**EXERCISE:** Only lines with the string "entire" matter here; gather them from the material below.

**RECORDS FOR PROCESSING:**
★ ★ ★

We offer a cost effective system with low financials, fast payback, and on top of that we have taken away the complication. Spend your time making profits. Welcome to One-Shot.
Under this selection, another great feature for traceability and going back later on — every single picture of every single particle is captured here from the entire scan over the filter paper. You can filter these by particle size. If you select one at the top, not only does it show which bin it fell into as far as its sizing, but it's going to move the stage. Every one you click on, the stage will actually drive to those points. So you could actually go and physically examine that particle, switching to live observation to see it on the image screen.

★ ★ ★

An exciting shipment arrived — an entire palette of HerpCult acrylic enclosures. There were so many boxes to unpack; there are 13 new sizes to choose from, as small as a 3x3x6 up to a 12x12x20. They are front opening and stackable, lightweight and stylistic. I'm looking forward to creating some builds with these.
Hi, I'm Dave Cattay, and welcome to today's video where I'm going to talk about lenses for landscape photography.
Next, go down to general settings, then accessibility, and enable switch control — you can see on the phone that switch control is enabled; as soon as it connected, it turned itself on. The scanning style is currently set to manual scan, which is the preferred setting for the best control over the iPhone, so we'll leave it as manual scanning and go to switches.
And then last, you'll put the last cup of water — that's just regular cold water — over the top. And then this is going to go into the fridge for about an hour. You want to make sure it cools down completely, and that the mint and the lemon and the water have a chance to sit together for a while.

★ ★ ★

**EXERCISE RESULT:**
Under this selection, another great feature for traceability and going back later on — every single picture of every single particle is captured here from the entire scan over the filter paper. You can filter these by particle size. If you select one at the top, not only does it show which bin it fell into as far as its sizing, but it's going to move the stage. Every one you click on, the stage will actually drive to those points. So you could actually go and physically examine that particle, switching to live observation to see it on the image screen.
An exciting shipment arrived — an entire palette of HerpCult acrylic enclosures. There were so many boxes to unpack; there are 13 new sizes to choose from, as small as a 3x3x6 up to a 12x12x20. They are front opening and stackable, lightweight and stylistic. I'm looking forward to creating some builds with these.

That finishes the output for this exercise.